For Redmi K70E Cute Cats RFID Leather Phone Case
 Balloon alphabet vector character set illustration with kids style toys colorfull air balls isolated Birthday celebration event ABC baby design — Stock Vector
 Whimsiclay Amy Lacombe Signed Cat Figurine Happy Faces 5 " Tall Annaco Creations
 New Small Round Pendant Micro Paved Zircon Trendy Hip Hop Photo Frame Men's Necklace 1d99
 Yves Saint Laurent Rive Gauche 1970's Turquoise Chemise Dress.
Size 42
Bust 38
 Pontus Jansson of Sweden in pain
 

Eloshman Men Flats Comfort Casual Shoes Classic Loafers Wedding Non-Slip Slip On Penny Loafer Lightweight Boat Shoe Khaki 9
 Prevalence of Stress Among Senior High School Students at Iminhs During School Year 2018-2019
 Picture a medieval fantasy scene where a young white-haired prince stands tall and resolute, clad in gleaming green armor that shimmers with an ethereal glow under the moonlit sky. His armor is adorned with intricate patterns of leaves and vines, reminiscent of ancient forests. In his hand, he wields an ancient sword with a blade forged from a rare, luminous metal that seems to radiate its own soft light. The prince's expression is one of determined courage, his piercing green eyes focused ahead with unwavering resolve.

◆ ◆ ◆ ◆ ◆

> TASK TO COMPLETE:
Output, exactly and with nothing else, the lines from the line containing "Eloshman Men Flats" to the end of the entries.

> OUTPUT FOR THIS TASK:
Eloshman Men Flats Comfort Casual Shoes Classic Loafers Wedding Non-Slip Slip On Penny Loafer Lightweight Boat Shoe Khaki 9
 Prevalence of Stress Among Senior High School Students at Iminhs During School Year 2018-2019
 Picture a medieval fantasy scene where a young white-haired prince stands tall and resolute, clad in gleaming green armor that shimmers with an ethereal glow under the moonlit sky. His armor is adorned with intricate patterns of leaves and vines, reminiscent of ancient forests. In his hand, he wields an ancient sword with a blade forged from a rare, luminous metal that seems to radiate its own soft light. The prince's expression is one of determined courage, his piercing green eyes focused ahead with unwavering resolve.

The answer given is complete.